Toni Erdmann

Un film réalisé par Maren Ade (2016)

Films

Partager sur

De la même manière que le choix du titre du film paraît trivial, le synopsis semble l’être aussi à première vue: un père, soucieux du bonheur de sa fille Inès, vient contrarier la vie terne, morose et fondamentalement esseulée qu’elle mène, au rythme de challenges professionnels et de relations affectives et sociales aseptisées.

Toutefois, le film va prendre de l’envergure et va offrir au spectateur l’occasion de s’imprégner progressivement des différentes émotions éprouvées, souvent réprimées, par les protagonistes.

Inès vit dans un monde métallique, ordonné, lisse et froid. Elle enfuit une douleur et une solitude irrecevables dans le sommeil, dans les lignes de cocaïne et dans une sexualité désincarnée.

Son père, clown triste, va se donner un nom d’emprunt, et se créer un personnage qui, tel un bouffon, s’immisce dans les relations professionnelles et amicales de sa fille. Il la surprend, l’agace, lui fait honte, par des comportements et des propos cocasses, déjantés, impertinents, désinvoltes, provoquants, tendres aussi.

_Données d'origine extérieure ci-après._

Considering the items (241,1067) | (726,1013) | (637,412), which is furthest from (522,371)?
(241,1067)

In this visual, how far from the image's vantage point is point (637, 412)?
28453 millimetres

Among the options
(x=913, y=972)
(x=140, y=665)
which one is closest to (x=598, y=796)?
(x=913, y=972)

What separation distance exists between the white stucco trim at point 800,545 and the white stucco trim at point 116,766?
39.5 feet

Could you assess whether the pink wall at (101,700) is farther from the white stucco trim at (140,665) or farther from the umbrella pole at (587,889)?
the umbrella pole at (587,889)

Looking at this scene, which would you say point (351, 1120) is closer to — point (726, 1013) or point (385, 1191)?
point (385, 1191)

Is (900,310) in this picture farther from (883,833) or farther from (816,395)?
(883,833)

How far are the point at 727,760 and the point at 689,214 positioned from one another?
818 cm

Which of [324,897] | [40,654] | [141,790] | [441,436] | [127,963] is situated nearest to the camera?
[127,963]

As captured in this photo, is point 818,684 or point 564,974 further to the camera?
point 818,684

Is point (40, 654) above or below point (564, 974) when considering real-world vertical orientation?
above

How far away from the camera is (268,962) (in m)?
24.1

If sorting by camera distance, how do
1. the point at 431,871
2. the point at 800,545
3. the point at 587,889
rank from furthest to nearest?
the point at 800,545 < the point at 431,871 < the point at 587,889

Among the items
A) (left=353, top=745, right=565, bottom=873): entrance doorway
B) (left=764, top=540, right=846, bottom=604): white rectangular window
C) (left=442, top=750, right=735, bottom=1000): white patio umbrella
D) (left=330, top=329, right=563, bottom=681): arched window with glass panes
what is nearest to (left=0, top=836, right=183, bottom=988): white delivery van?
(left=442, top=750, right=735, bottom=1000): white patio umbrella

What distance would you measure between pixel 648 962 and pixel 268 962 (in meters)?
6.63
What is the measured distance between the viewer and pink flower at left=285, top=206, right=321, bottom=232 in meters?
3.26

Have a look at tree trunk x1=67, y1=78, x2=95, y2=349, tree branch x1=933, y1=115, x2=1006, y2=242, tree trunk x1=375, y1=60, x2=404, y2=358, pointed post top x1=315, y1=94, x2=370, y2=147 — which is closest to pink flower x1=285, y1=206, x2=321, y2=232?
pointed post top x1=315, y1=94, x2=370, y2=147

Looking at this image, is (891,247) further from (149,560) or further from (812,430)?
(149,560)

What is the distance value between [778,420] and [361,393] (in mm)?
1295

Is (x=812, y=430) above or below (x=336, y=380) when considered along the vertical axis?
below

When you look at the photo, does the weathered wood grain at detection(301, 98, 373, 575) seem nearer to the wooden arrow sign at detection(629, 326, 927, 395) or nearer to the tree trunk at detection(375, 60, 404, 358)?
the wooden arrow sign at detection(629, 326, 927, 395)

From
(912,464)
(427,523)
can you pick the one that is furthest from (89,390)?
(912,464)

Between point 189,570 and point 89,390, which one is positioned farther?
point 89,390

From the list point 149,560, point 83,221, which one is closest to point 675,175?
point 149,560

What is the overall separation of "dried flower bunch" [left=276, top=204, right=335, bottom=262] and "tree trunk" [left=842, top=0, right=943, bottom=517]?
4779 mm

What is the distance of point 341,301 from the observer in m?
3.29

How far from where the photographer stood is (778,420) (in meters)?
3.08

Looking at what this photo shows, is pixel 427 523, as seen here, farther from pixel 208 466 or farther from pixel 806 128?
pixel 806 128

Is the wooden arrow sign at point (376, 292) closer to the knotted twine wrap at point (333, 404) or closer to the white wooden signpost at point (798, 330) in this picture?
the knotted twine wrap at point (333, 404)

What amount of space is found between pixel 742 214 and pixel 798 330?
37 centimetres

Victor Hugo écrit que « le propre d’un fou de cour, c’est de dire çà et là des choses étranges et folles par l’expression, vraies et sages par la pensée » (Correspondance,1839, p. 569).

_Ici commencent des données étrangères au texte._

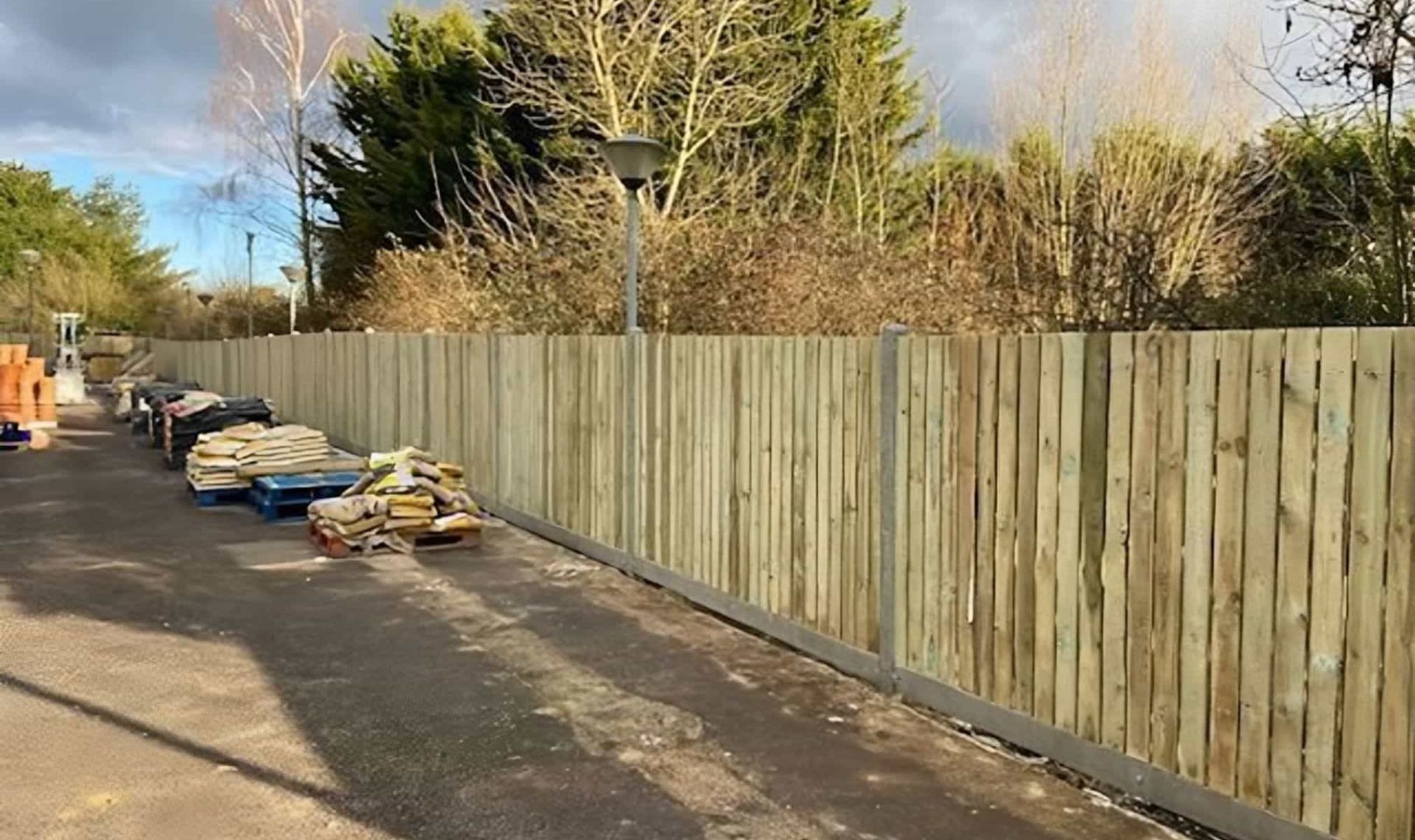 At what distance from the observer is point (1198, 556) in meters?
3.33

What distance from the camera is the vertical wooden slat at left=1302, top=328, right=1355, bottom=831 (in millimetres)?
2930

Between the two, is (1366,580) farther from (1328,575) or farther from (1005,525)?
(1005,525)

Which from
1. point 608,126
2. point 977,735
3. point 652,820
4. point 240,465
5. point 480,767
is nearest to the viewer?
point 652,820

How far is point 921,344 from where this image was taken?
4.53 meters

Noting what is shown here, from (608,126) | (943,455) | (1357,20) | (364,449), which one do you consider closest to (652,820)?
(943,455)

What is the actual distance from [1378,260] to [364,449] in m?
10.8

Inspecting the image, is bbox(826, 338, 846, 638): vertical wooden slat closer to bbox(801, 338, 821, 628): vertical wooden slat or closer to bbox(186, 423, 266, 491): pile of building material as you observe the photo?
bbox(801, 338, 821, 628): vertical wooden slat

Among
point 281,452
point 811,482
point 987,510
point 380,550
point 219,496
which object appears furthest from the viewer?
point 281,452

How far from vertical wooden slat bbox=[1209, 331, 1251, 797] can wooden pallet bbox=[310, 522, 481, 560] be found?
595 centimetres

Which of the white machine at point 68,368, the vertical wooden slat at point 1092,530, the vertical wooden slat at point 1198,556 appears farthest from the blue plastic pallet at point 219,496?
the white machine at point 68,368

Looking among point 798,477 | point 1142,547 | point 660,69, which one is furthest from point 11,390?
point 1142,547

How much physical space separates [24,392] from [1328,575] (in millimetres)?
21071

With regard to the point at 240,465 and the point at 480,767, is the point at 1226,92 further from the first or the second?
the point at 480,767

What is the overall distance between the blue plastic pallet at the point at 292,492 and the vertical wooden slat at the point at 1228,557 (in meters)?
7.97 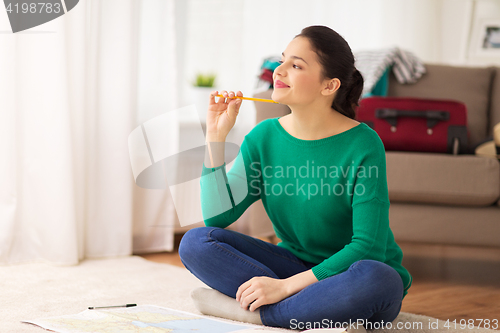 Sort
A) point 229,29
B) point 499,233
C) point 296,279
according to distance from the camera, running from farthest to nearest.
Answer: point 229,29 < point 499,233 < point 296,279

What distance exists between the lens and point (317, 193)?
103cm

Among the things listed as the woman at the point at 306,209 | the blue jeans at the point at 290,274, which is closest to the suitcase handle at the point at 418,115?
the woman at the point at 306,209

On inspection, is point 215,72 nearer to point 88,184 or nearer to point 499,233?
point 88,184

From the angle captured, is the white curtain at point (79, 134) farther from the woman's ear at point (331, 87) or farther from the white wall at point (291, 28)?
the woman's ear at point (331, 87)

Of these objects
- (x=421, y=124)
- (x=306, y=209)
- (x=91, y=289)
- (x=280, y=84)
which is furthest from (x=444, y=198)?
(x=91, y=289)

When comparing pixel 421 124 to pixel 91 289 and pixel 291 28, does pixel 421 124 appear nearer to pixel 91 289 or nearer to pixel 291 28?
pixel 291 28

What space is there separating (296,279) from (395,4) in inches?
95.2

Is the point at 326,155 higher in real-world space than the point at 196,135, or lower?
higher

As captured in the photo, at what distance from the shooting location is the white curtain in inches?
63.8

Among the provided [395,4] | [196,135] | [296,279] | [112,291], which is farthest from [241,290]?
[395,4]

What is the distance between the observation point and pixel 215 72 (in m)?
2.43

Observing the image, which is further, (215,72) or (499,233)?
(215,72)

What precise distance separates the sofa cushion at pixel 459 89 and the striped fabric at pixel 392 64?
4 centimetres

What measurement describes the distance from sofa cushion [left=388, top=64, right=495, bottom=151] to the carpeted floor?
122 cm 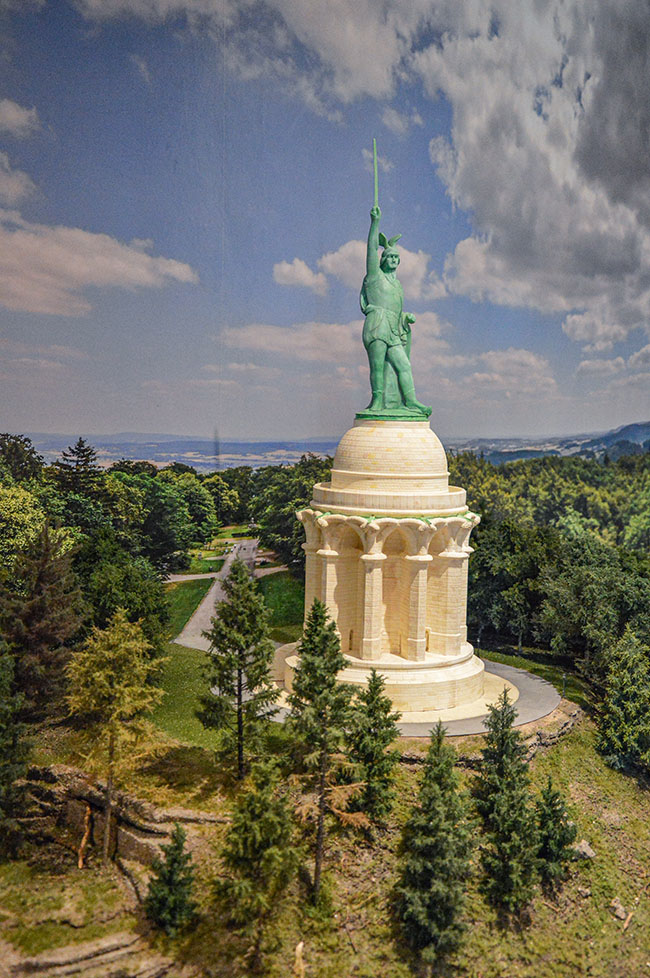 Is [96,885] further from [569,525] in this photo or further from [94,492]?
[569,525]

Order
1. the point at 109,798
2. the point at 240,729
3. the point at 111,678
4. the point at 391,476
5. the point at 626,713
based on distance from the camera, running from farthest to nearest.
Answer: the point at 391,476
the point at 626,713
the point at 240,729
the point at 109,798
the point at 111,678

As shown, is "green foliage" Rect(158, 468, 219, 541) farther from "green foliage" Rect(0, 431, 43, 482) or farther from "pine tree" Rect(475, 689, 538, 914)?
"pine tree" Rect(475, 689, 538, 914)

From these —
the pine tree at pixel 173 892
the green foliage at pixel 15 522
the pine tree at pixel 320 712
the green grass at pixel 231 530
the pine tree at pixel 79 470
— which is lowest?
the pine tree at pixel 173 892

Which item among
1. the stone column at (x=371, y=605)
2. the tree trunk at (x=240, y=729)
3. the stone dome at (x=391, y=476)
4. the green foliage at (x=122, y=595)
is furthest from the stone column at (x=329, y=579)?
the tree trunk at (x=240, y=729)

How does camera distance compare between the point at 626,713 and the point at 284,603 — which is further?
the point at 284,603

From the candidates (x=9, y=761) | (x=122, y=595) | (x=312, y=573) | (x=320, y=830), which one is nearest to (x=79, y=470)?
(x=122, y=595)

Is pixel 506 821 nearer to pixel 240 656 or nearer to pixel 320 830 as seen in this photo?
pixel 320 830

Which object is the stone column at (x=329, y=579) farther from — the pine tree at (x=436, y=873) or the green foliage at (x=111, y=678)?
the pine tree at (x=436, y=873) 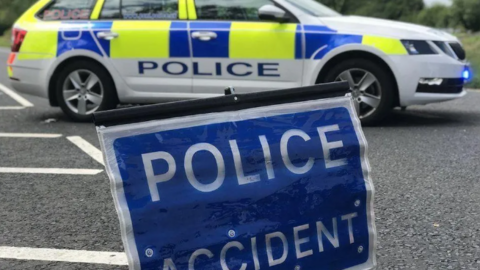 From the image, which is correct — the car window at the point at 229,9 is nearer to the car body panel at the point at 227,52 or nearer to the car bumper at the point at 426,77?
the car body panel at the point at 227,52

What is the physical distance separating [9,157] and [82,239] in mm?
2345

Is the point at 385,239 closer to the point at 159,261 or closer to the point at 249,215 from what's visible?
the point at 249,215

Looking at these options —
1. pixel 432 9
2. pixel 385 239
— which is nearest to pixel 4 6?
pixel 432 9

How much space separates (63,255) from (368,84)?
4010 millimetres

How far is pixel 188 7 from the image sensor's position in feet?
22.2

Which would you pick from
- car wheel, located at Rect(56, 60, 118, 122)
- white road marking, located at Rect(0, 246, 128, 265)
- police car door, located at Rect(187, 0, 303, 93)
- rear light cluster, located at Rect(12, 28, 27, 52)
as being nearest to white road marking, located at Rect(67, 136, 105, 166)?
car wheel, located at Rect(56, 60, 118, 122)

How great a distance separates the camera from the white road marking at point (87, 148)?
536 centimetres

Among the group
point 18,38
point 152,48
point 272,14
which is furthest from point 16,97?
point 272,14

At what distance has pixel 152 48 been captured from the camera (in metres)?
6.63

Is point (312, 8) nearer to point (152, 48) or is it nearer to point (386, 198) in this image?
point (152, 48)

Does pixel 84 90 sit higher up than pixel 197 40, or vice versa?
pixel 197 40

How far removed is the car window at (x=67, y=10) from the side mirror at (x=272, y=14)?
1907 millimetres

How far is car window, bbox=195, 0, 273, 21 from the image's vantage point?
21.7 ft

C’est exactement ce que fait Toni, le père qui reflète à sa fille la part d’elle qu’elle se refuse de voir, celle qui vibre d’émotions vraies et mises à nu, celle qui se leurre dans un environnement faux ou déshumanisé.

Le film s’achève sur une interrogation : Inès a-t-elle intégré en elle son père vitalisant, anti-dépresseur, anti-narcissique, et va-t-elle voir et regarder le monde autour d’elle avec d’autres yeux, et croquer la vie avec d’autres dents ?

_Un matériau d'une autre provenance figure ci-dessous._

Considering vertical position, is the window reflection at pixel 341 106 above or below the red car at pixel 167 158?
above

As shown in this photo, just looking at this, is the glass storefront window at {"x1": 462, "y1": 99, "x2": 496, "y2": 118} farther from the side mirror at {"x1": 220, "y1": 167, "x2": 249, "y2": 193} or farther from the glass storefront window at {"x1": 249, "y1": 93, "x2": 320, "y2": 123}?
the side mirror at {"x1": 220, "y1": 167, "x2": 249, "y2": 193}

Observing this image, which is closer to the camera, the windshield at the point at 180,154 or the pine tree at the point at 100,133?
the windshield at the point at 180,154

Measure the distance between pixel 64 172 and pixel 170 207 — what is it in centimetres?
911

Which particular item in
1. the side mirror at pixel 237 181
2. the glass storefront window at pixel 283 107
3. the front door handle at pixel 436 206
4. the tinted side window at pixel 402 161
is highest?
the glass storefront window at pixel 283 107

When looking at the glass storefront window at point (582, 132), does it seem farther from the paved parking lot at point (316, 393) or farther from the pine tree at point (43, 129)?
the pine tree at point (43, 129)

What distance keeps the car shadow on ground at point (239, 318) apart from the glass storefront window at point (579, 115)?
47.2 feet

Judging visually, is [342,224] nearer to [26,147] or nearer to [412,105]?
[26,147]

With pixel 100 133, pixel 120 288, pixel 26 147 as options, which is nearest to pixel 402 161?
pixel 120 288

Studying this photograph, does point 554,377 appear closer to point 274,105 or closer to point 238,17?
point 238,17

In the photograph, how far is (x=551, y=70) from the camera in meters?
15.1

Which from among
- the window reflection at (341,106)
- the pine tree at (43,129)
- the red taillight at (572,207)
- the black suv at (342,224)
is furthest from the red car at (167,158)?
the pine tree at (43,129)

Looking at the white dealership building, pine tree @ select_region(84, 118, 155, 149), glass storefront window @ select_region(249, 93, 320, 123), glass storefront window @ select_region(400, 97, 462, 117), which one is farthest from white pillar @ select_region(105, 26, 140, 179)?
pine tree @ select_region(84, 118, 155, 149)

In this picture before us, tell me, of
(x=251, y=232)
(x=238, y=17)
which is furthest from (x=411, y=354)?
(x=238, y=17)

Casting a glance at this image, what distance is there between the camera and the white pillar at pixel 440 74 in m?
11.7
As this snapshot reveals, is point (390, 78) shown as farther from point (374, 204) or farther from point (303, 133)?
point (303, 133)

Dans l’après-coup, je me suis imaginée que la fin du film pouvait aussi en être le prélude ; il débuterait alors qu’Inès est revenue sur les lieux de son enfance et pense à ce que son père lui a laissé en héritage. Toni Erdmann devient ainsi l’imago paternelle issue de la vie fantasmatique de la jeune femme ; ce personnage paternel, attentionné, burlesque mais déterminé, puisé dans la veine d’un Surmoi édificateur et protecteur, vient alors marcher dans les rêveries d’Inès et veille à la maintenance coûte que coûte d’une ouverture potentielle du Moi au monde, au respect de soi-même, aux liens d’amour et d’humour.